Media understanding of data is likely not much better. Who can forget the notorious Daily Mail story a few years ago which breathlessly reported that property sales in the Sydney suburb of Mosman had grossed one trillion dollars in 12 months. What they meant, of course, was one billion dollars, or a thousand times less. (A trillion dollars would be well over half the entire GDP of Australia).

While it’s easy to laugh, the reality is many people would struggle to define the difference between a billion and a trillion, and big numbers are hard to understand, especially in a highly emotional and contentious context such as the COVID pandemic.

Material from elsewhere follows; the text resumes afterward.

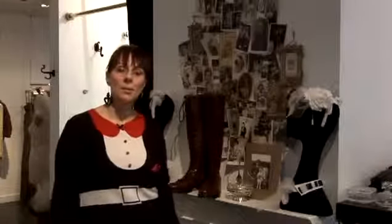Hi, I'm Zoe Lem, stylist and owner of MySugarland, and today I'm going to give you some insider's tips on how to do fashion. I'm now going to tell you how to wear a pair of knee-high boots.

However, that’s no reason not to try. For example, when US COVID deaths passed half a million, the New York Times ran a front page graphic depicting exactly 500,000 little grey dots. While the newspaper’s “wall of grief” was innovative and created an interesting conversation piece, it’s hard to believe it really communicated any meaningful new understanding.

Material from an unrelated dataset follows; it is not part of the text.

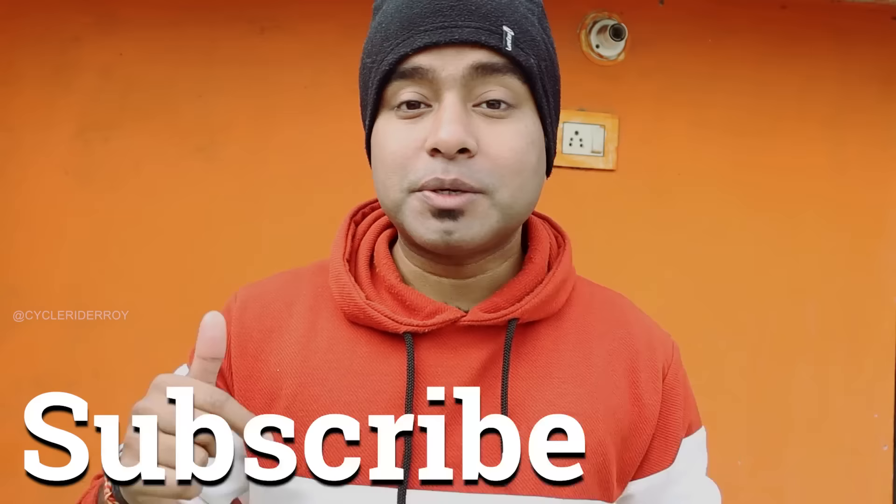In the comments section and description, I have provided some affiliate links. I will see you with another video. Till then, keep pedaling, stay fit, and always smile. Bye bye.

Rather than trying to visualise half a million fatalities, it is probably more effective to highlight the individual death of a celebrity people might recognise and identify with. Think no further than the publicity surrounding the COVID death of legendary broadcaster Larry King, or Broadway star Nick Cordero, aged just 41. Or the media frenzy when Donald Trump and Tom Hanks and Boris Johnson got infected.

So, what is the role of communicators and the media in explaining COVID vaccination and its risks? Jon Allsop wrote in the Columbia Journalism Review that pausing vaccine use following adverse outcomes “turned exceedingly rare incidents into a wall-to-wall news story” without actually changing the underlying available data. He pointed out that the pandemic lacks certainty and ready-made expert consensus within a media ecosystem that prizes those things.

At least part of the answer seems to lie in meaningful and relevant risk comparisons. Queensland researcher Dr Jenny Doust explained, for instance, that 500 out of a million women taking the contraceptive pill will develop a blood clot. Compare this with recent official government data that just four to six in a million people have developed a clot after receiving the AstraZeneca vaccine.

Sadly, the question is whether such data will change a person’s mind about taking COVID precautions or lining up for vaccination. As Jon Allsop concluded, communicating competing calculations and the increasingly complex variables that go into them is a very hard job indeed.


A Parting Thought

Social data is a goldmine. But if you don’t extract the gold it’s just a hill like any other.